EXERCISE DIRECTIONS
An identical copy of the listing below is all the answer should contain.
Content starts
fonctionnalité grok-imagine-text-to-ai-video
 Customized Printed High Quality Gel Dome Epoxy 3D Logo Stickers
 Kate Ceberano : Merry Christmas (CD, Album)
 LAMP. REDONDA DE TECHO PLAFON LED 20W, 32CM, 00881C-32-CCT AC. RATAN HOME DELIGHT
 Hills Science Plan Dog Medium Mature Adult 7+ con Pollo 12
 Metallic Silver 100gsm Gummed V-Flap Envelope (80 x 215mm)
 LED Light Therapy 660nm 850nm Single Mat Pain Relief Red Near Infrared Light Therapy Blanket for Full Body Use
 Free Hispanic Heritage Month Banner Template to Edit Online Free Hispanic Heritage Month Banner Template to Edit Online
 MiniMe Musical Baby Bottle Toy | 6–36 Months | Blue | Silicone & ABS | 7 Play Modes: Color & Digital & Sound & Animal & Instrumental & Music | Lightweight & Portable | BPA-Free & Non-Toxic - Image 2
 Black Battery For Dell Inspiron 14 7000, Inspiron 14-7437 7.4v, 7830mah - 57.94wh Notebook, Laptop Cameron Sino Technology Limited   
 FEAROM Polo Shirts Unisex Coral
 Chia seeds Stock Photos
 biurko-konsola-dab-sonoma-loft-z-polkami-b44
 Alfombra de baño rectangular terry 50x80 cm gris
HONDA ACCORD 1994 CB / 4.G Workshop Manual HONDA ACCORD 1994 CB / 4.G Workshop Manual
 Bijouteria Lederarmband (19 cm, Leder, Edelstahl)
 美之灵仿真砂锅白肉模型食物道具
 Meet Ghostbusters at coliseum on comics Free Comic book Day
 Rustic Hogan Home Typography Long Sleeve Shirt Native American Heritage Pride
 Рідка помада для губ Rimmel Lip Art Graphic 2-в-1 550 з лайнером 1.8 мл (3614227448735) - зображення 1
Content ends
SOLUTION TO THE PROBLEM
fonctionnalité grok-imagine-text-to-ai-video
 Customized Printed High Quality Gel Dome Epoxy 3D Logo Stickers
 Kate Ceberano : Merry Christmas (CD, Album)
 LAMP. REDONDA DE TECHO PLAFON LED 20W, 32CM, 00881C-32-CCT AC. RATAN HOME DELIGHT
 Hills Science Plan Dog Medium Mature Adult 7+ con Pollo 12
 Metallic Silver 100gsm Gummed V-Flap Envelope (80 x 215mm)
 LED Light Therapy 660nm 850nm Single Mat Pain Relief Red Near Infrared Light Therapy Blanket for Full Body Use
 Free Hispanic Heritage Month Banner Template to Edit Online Free Hispanic Heritage Month Banner Template to Edit Online
 MiniMe Musical Baby Bottle Toy | 6–36 Months | Blue | Silicone & ABS | 7 Play Modes: Color & Digital & Sound & Animal & Instrumental & Music | Lightweight & Portable | BPA-Free & Non-Toxic - Image 2
 Black Battery For Dell Inspiron 14 7000, Inspiron 14-7437 7.4v, 7830mah - 57.94wh Notebook, Laptop Cameron Sino Technology Limited   
 FEAROM Polo Shirts Unisex Coral
 Chia seeds Stock Photos
 biurko-konsola-dab-sonoma-loft-z-polkami-b44
 Alfombra de baño rectangular terry 50x80 cm gris
HONDA ACCORD 1994 CB / 4.G Workshop Manual HONDA ACCORD 1994 CB / 4.G Workshop Manual
 Bijouteria Lederarmband (19 cm, Leder, Edelstahl)
 美之灵仿真砂锅白肉模型食物道具
 Meet Ghostbusters at coliseum on comics Free Comic book Day
 Rustic Hogan Home Typography Long Sleeve Shirt Native American Heritage Pride
 Рідка помада для губ Rimmel Lip Art Graphic 2-в-1 550 з лайнером 1.8 мл (3614227448735) - зображення 1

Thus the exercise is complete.